He did not answer her immediately. He looked at the 'flopadocks' through the front door, then he looked to see if there was a way of escape open by the back.
'I—I thought—that is to say—I hoped—you might fancy to become Mrs. Langford.'
Honor rose proudly from her seat, and placed her needlework in the chair. She stood in the doorway, with the illumined hedge behind her. If Oliver had looked at her face he could not have seen it; he would have seen only the dark head set on a long and upright neck, with a haze of golden brown about it.
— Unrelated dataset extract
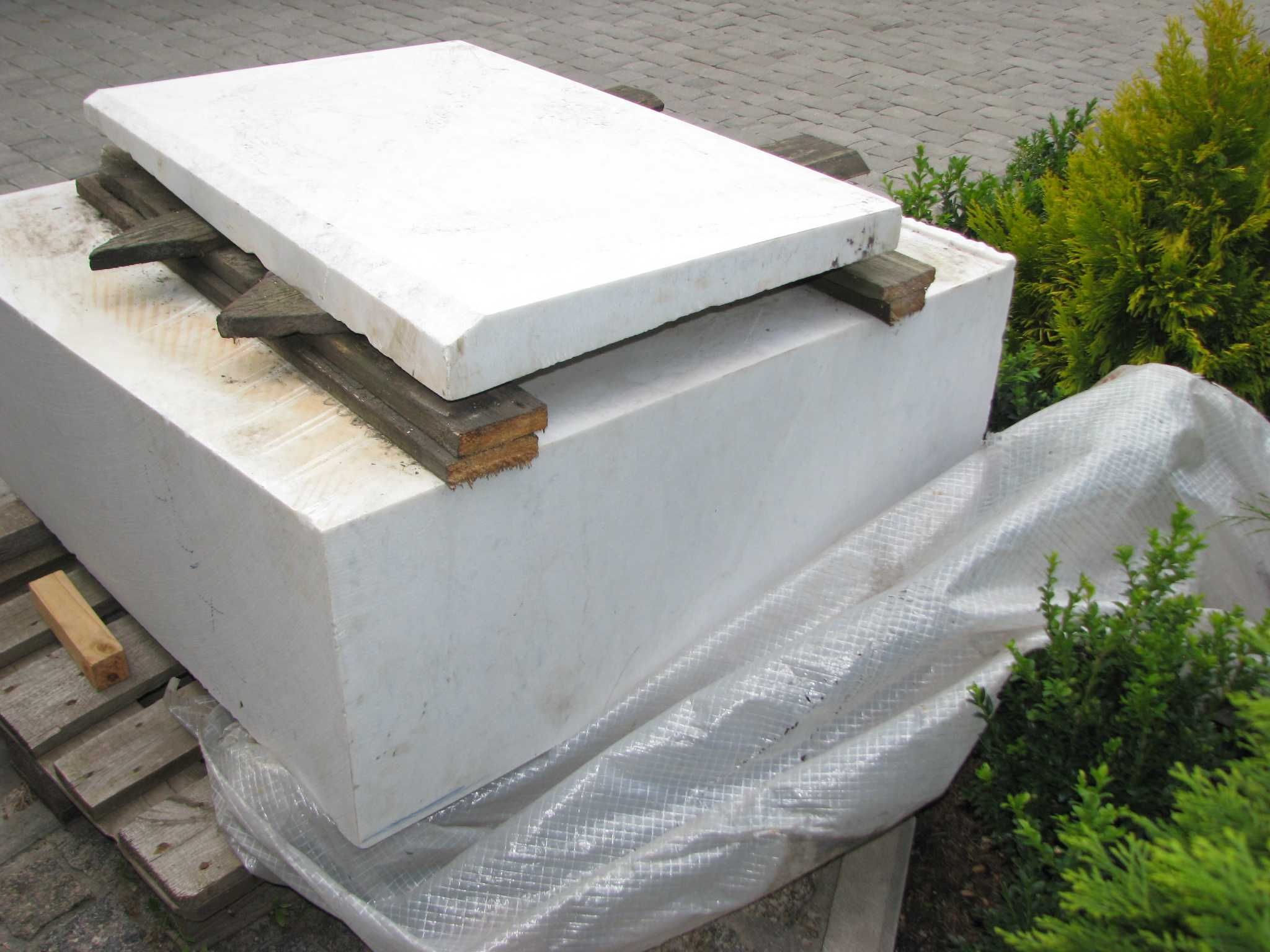 Каррарский мрамор Bianco Carrara C Extra (Бьянко Карраре Чи), Италия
But he did not look up; he drew a long breath. The worst was over. He had spoken, and Honor knew all.
In the morning the carrier had flattered himself it would be easy to tell Honor, but when he prepared to come to the point he found it difficult. He knew that the proposal would offend his daughter, that it would not appear to her in the light in which he saw it. He was afraid of her, as an inferior nature fears one that is greater, purer than itself. Now he felt like a schoolboy who has been caught cribbing, and expects the cane.
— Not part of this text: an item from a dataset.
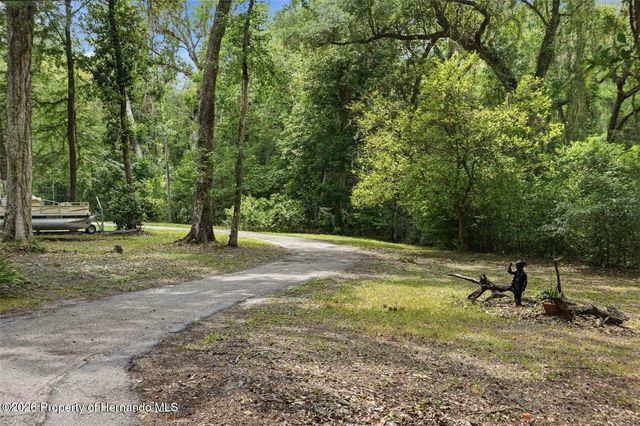24050 Winding Creek Drive, Brooksville, FL 34601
'You see, Honor,' said he in an apologetic tone, 'Taverner Langford is a rich man, and of very good family. It would be no disgrace to him to marry you, and you cannot reckon to look higher. I don't know but that his family and ours date back to Adam. He has kept his acres, and we have lost ours. However, with your help, I hope we may recover Coombe Park and our proper position. What a fine thing, Honor, to be able to restore a fallen family, and to be the means of saving a brother! Taverner Langford is proud, and would like to see his wife's relations among the landed gentry. He would help us with a hundred pounds. Indeed, he has almost promised the money. As to the horse, we need not concern ourselves about that, and the lambs need trouble you no more. There is a special blessing pronounced on the peace-makers, Honor, and that would be yours if you married Taverner, and Kate took Hillary, for then Langford must make up his quarrel with the Nanspians.'
Honor reseated herself, and put her work back on her lap. Oliver had not the courage to look at her face, or he would have seen that she was with difficulty controlling the strong emotion that nigh choked her. He sat with averted eyes, and maundered on upon the advantages of the connection.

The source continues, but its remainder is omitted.